５）　在原先.prototxt基础上修改数据输入和最后输出，定义自己网络

# train: 训练时用于mirror
#subset: 决定调用训练数据还是测试数据
def style_net(train=True, learn_all=False, subset=None):
    """调用新的数据层,导入数据,调用caffeNet生成flickr_style的deploy.prototxt文档"""
    if subset is None:
        subset = 'train' if train else 'test'
    source = caffe_root + 'data/flickr_style/%s.txt' % subset
    #图片从txt里面的图片路径导入; source: each line give an images filename and label
    transform_param = dict(mirror=train, crop_size=227,
        mean_file=caffe_root + 'data/ilsvrc12/imagenet_mean.binaryproto')
    style_data, style_label = L.ImageData(
        transform_param=transform_param, source=source,
        batch_size=50, new_height=256, new_width=256, ntop=2)
    return caffenet(data=style_data, label=style_label, train=train,
                    num_classes=NUM_STYLE_LABELS,
                    classifier_name='fc8_flickr',
                    learn_all=learn_all)


# 初始化/装载一个预训练好的网络(最后一层权值没有预训练)：deploy.prototxt文件, 权值文件
print 'Caffe_Net_untrained_style_net'
untrained_style_net = caffe.Net(style_net(train=False, subset='train'),
                                weights, caffe.TEST)

# 前馈走一遍
print 'untrained_style_net.forward()'
untrained_style_net.forward()

#　拷贝一个批次的数据出来,每次载入50个batch_size
style_data_batch = untrained_style_net.blobs['data'].data.copy()
style_label_batch = np.array(untrained_style_net.blobs['label'].data, dtype=np.int32)

# 拿一张出来
image = untrained_style_net.blobs['data'].data[0,...]
plt.imshow(deprocess_net_image(image))
# plt.show()

６）　定义显示函数

# 定义显示函数：将训练好的网络前馈输出预测显示(top5)
# ImageNet网络的输入数据时随机的,所以这里先赋一张图片给网络; start='conv1'?意义不大.
# net: 为采用caffe.Net装载好的一个预训练或完全训练好的网络
def disp_preds(net, image, labels, k=5, name='ImageNet'):
    input_blob = net.blobs['data']
    net.blobs['data'].data[0, ...] = image
    probs = net.forward(start='conv1')['probs'][0]
    top_k = (-probs).argsort()[:k]#负号变为从大到小
    print 'top %d predicted %s labels =' % (k, name)
    print '\n'.join('\t(%d) %5.2f%% %s' % (i+1, 100*probs[p], labels[p])
                    for i, p in enumerate(top_k))
    # enumerate同时返回index and item

def disp_imagenet_preds(net, image):
    disp_preds(net, image, imagenet_labels, name='ImageNet')

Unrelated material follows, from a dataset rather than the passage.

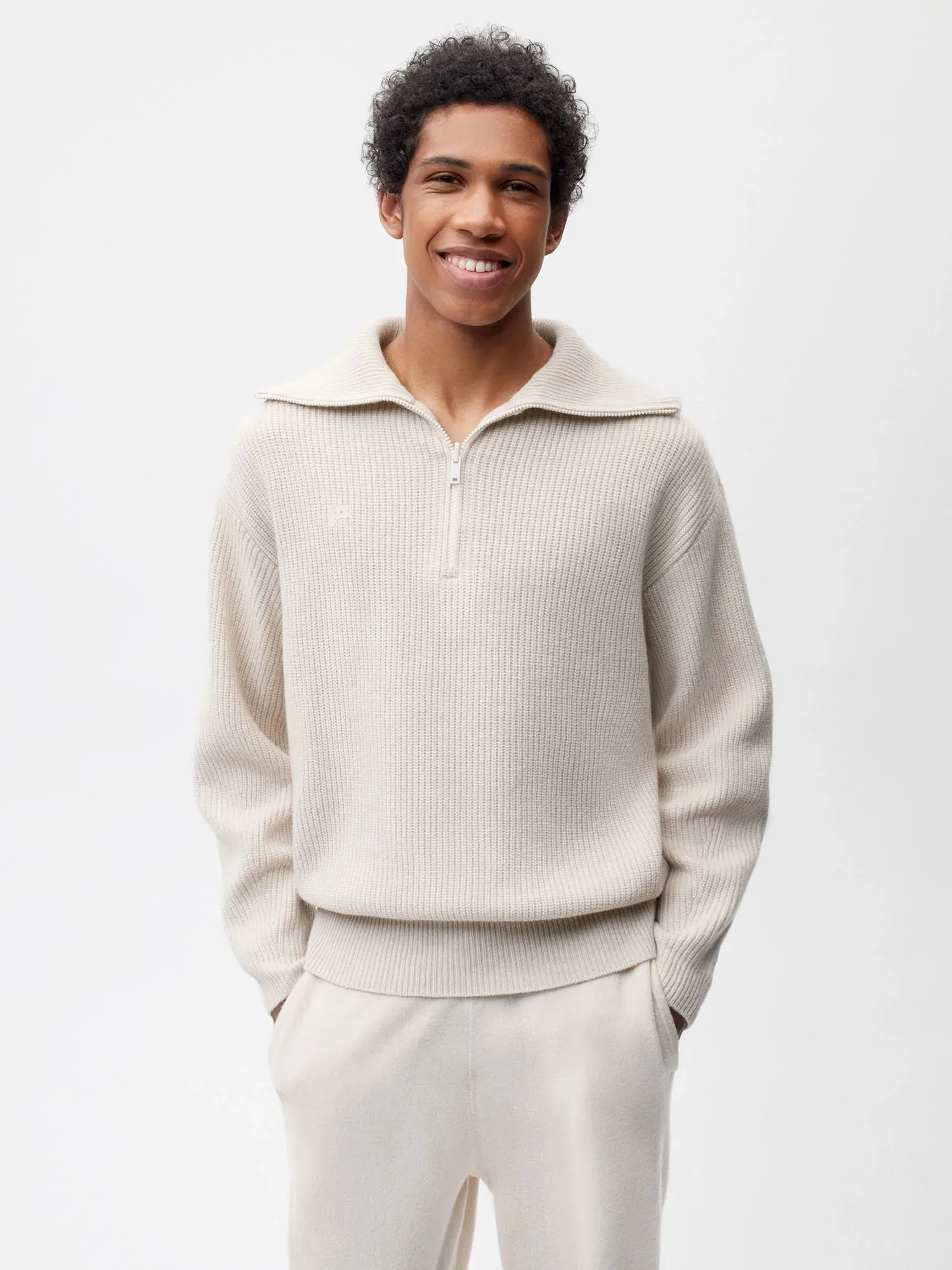 Recycled Cashmere Half Zip Sweater—oatmeal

def disp_style_preds(net, image):
    disp_preds(net, image, style_labels, name='style')



batch_index = 8
#随机选择一个样本
image = style_data_batch[batch_index]
plt.imshow(deprocess_net_image(image))
# plt.show()

# style_label_batch[batch_index] 返回图片属于第几类
# style_labels[*]返回具体名称
print 'actual label =', style_labels[style_label_batch[batch_index]]


disp_imagenet_preds(imagenet_net, image)
# 采用预训练网络预测

disp_style_preds(untrained_style_net, image)
# 最后一层权值重新初始化未训练,输出为平均值

#　倒数第二层
diff = untrained_style_net.blobs['fc7'].data[0] - imagenet_net.blobs['fc7'].data[0]
error = (diff ** 2).sum()
print error
assert error < 1e-8

# Delete untrained_style_net to save memory. (Hang on to imagenet_net as we'll use it again later.)
del untrained_style_net

７）　生成solver.prototxt函数

#  training and style classifier
from caffe.proto import caffe_pb2

# 定义用于网络训练的solver函数:参考： 之前的caffe下python网络创建(solving in python with lenet)
def solver(train_net_path, test_net_path=None, base_lr=0.001):
    print 'caffe_pb2.SolverParameter()'
    s = caffe_pb2.SolverParameter()
    """生成一个solver.prototxt文件"""

    # Specify locations of the train and (maybe) test networks.
    s.train_net = train_net_path # 定义训练.prototxt文件所在路径
    if test_net_path is not None:
        s.test_net.append(test_net_path)
        s.test_interval = 1000  # 每1000次迭代测试一次
        s.test_iter.append(100)  # 每次100个样本测试

    # The number of iterations over which to average the gradient.
    # Effectively boosts the training batch size by the given factor, without
    # affecting memory utilization.
    s.iter_size = 1

    s.max_iter = 100000  # # of times to update the net (training iterations)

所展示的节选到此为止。